Mars’ta yaşam arayışında önemli bir gelişme kaydedildi. Bilim insanları, NASA’nın Curiosity gezgini aracılığıyla 2013 yılında Mars’ın Gale Krateri’nde tespit edilen bir kaya örneğinde, daha önce hiç görülen en büyük organik moleküllerin keşfedildiğini açıkladı.
Söz konusu moleküllerin, 3,7 milyar yıl önce Mars’ta var olan bir gölün tortullarında yer alan yağ asitlerinin parçalanması sonucunda oluştuğu düşünülüyor.
YAŞAMIN KİMYASAL İZLERİ
Keşfedilen moleküller, alkanlar adı verilen ve karbon atomlarının zincirlerini hidrojen atomlarıyla birleştiren hidrokarbonlardır.
Fransa’daki Laboratoire Atmosphères et Observations Spatiales’den astrokimyacı Caroline Freissinet, bu bulgunun, Mars’ta geçmişte yaşamın var olup olmadığına dair kimyasal izlerin tespit edilmesini mümkün kıldığını belirtti.
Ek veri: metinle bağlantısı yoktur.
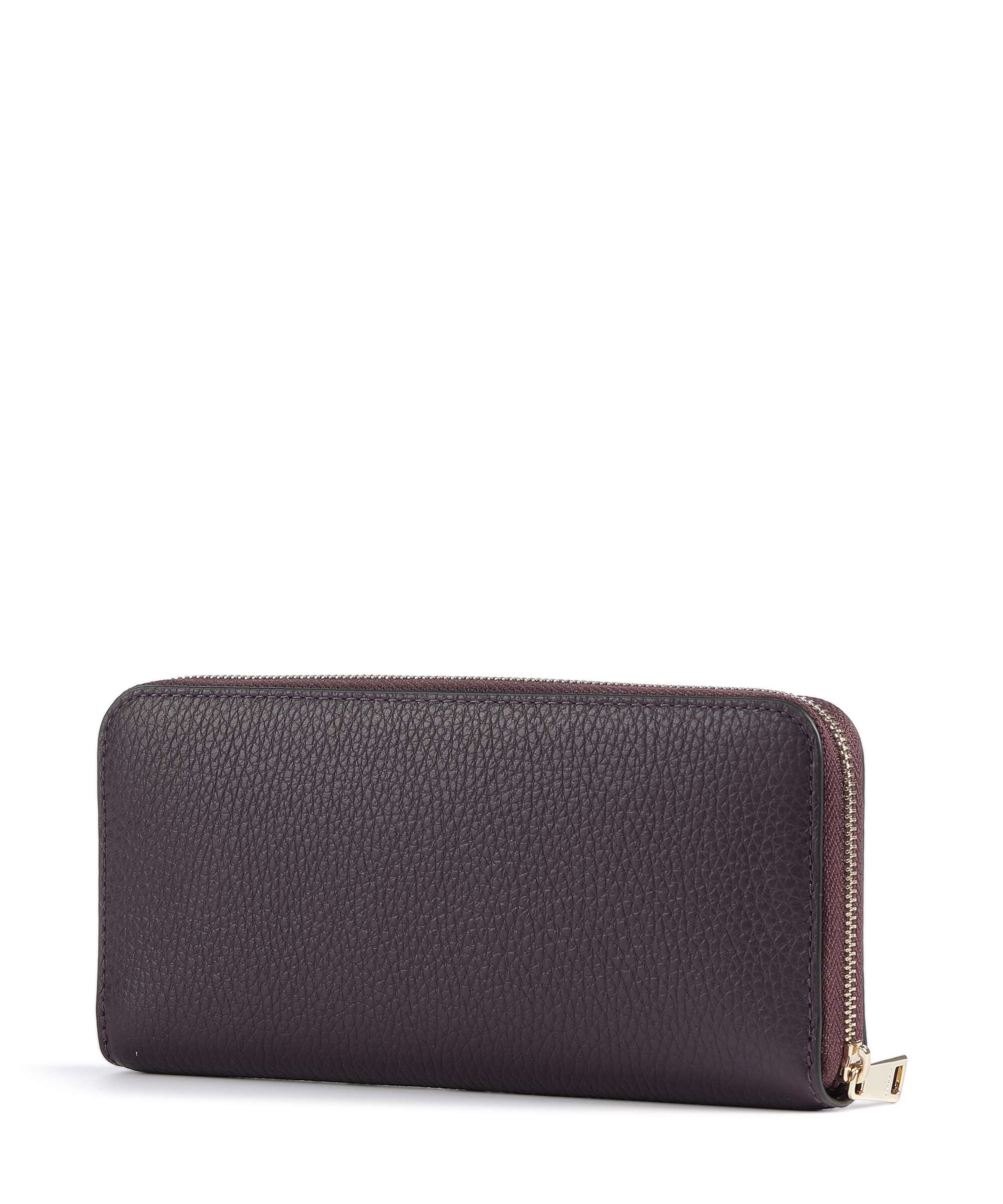Furla Camelia XL Wallet winter bloom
Curiosity, 2012 yılında 154 kilometre uzunluğundaki Gale Krateri’ne iniş yaptı. Bu krater, geçmişte bir göl tarafından beslenmiş olması nedeniyle yaşanabilirlik belirtilerinin araştırılması açısından umut vadeden bir yer olarak öne çıkıyordu.
Curiosity, 2013 yılında “Cumberland” adı verilen bir kayadan çamur taşı örneği alarak bu moleküllere ulaştı.
ORGANİK MOLEKÜLLERİN ANALİZİ
Curiosity’nin Mars’ta Örnek Analizi (SAM) araç seti, organik moleküllerin tespitini sağladı. Gezici, kaya örneğini delip SAM’e gönderdi ve burada 1.000 derece Santigrat’a kadar ısıtıldı.
Bu işlem, örnekte bulunan gazların ayrıştırılması ve yaşam için kritik öneme sahip elementlerin (karbon, nitrojen, oksijen, fosfor ve kükürt) tanımlanabilmesi amacıyla gerçekleştirildi.
Freissinet ve ekibi, daha önce Cumberland örneğinde metan ile klor veya kükürt içeren organik moleküllerin keşfine ulaşmışlardı. Ancak bu yeni çalışma ile Mars’ta tespit edilen en büyük organik moleküller daha önce yalnızca altı karbon atomuna kadar uzanıyordu.
Yeni analizler, dekan (10 karbon atomu ve 22 hidrojen atomu), undekan (11 karbon atomu ve 24 hidrojen atomu) ve dodekan (12 karbon atomu ve 26 hidrojen atomu) gibi daha büyük alkanları da ortaya çıkardı.
Dodekan, Mars’ta bulunan en büyük alkan olma özelliği taşımasına rağmen, Dünya üzerindeki en büyük alkanlarla karşılaştırıldığında hala küçük kalmaktadır.